The U.S. plans to block Iran’s requested $5 billion emergency loan from the International Monetary Fund for funding Tehran says it needs to fight its coronavirus crisis.
Senior officials in the Trump administration said Iran’s government has billion-dollar accounts still at its disposal. If allowed to tap IMF financing, the officials said, Tehran would then be able to divert those or other funds to help its economy, which has been weakened by U.S. sanctions, or finance militants in the Middle East, rather than on containing the pandemic.
Iranian “officials have a long history of diverting funds allocated for humanitarian goods into their own pockets and to their terrorist proxies, ” one of the administration officials said.
The IMF, which is facing urgent funding requests from scores of governments, said it is in talks with Tehran to determine its eligibility for an emergency loan.

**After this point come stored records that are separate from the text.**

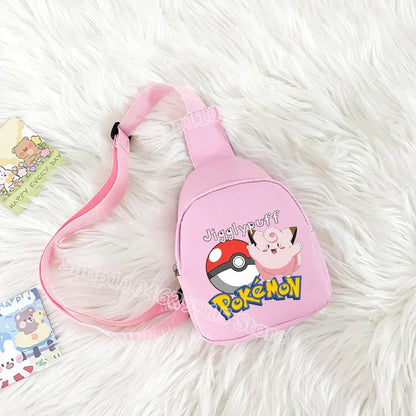 Pokemon Pikachu Shoulder Bag Kawaii Gengar Figures Pattern Chest Bags Portable Large Capacity Outdoor Crossbody Bag Gift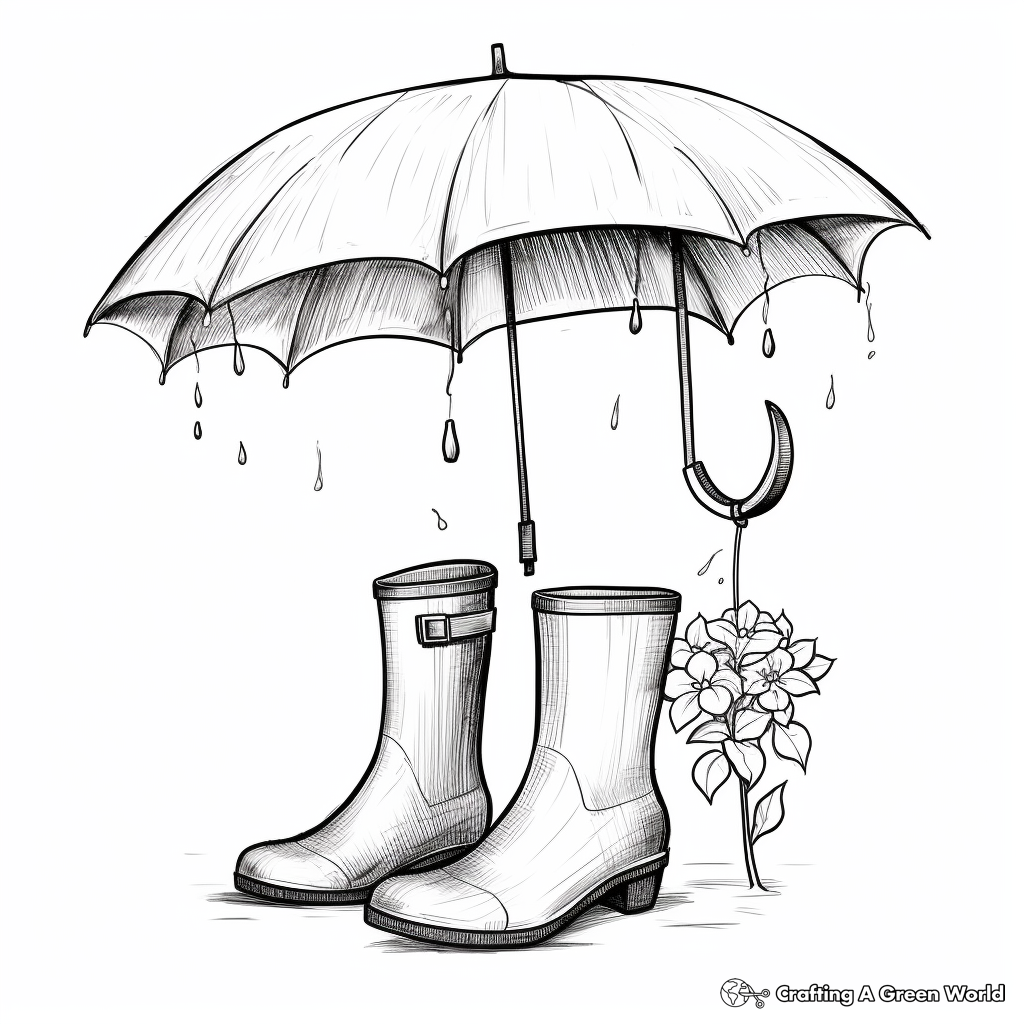 U is for umbrella coloring pages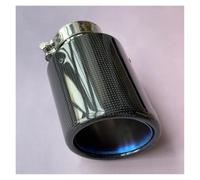 Exhaust Tip Tailpipe 1 Piece Car Exhaust Tip Glossy Real Carbon Fiber Blue Stainless Pipe System Muffler Tailpipe(ID 51MM-OD 89MM)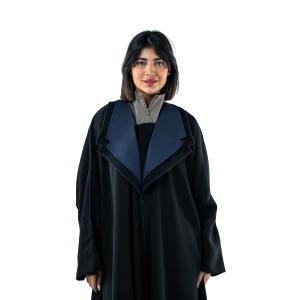 Abaya with Structured Collar, Statement Lapels & Contemporary Cut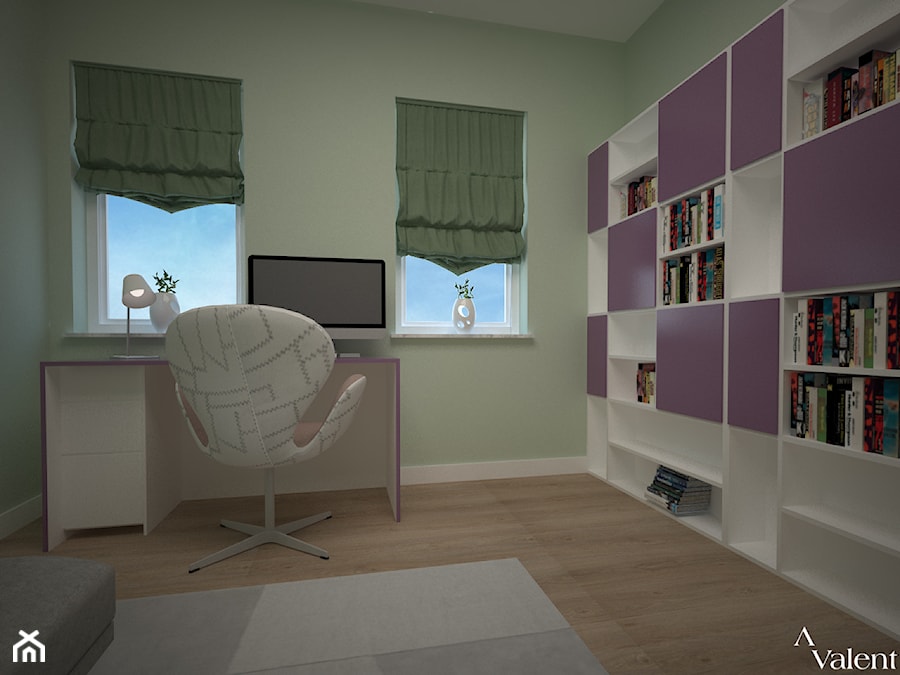 Biuro w domu - Małe w osobnym pomieszczeniu z sofą zielone biuro, styl nowoczesny - zdjęcie od Aranżacja | Wnętrza | Projekty | Wykończenia domów i mieszkań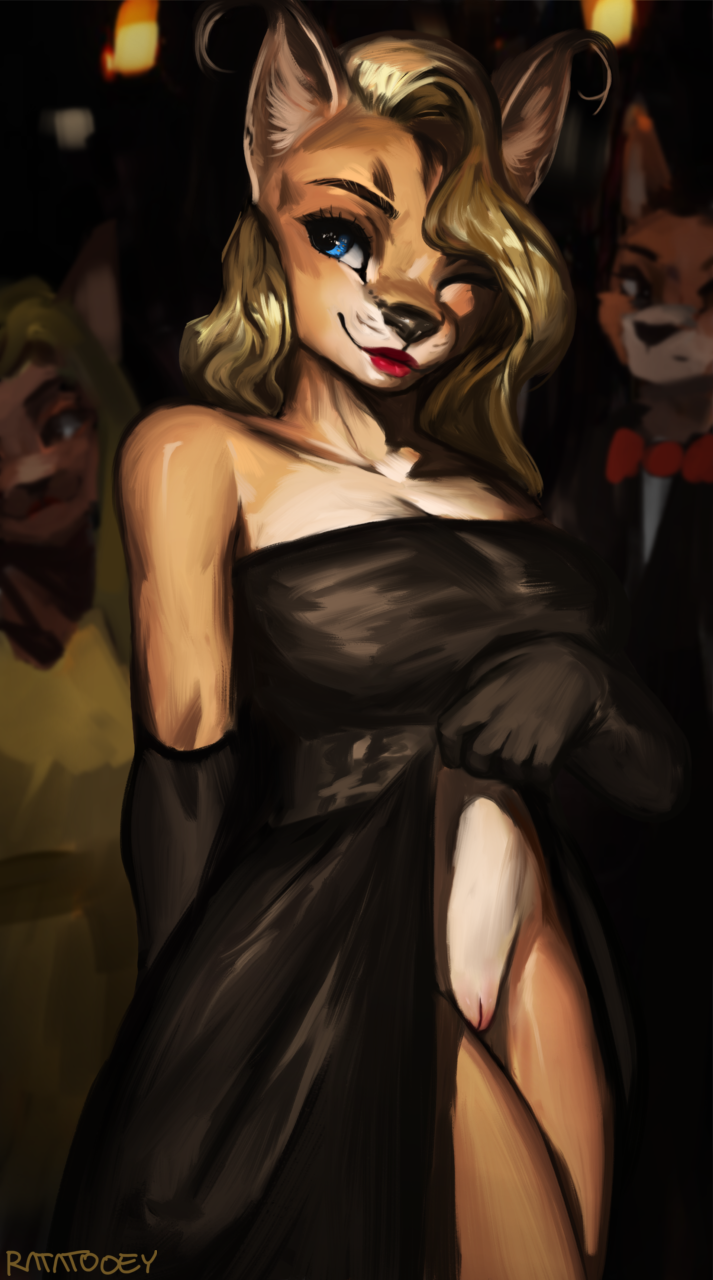 2022 5_fingers anthro black_clothing blonde_hair blue_eyes blurred_background caracal caracal_(genus) clothed clothing clothing_lift digital_media_(artwork) digital_painting_(artwork) dress dress_lift exhibitionism felid feline female fingers genitals group hair hi_res humanoid_genitalia humanoid_pussy lipstick looking_aside makeup mammal no_underwear one_eye_closed pussy ratatooey shaded signature solo_focus trio wink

The pandemic has torn through Iran, one of the worst-affected countries, and jolted an Iranian economy already reeling from the Trump administration sanctions under its “maximum pressure campaign.” Despite calls from some humanitarian groups and other nations to ease the sanctions, the administration has instead said it won’t relent in putting pressure on Tehran.
Iran’s representative at the United Nations didn’t respond to a request for comment on the U.S. decision on IMF funding. Iranian officials have called the U.S. sanctions amid the pandemic “medical terrorism” and said U.S. offers of humanitarian assistance to help fight the coronavirus are “deceptions and lies.”
As the IMF’s largest shareholder, the U.S. largely determines the fate of bailout requests, though technically IMF member countries could amass a majority of votes to approve Iran’s loan even with U.S. opposition.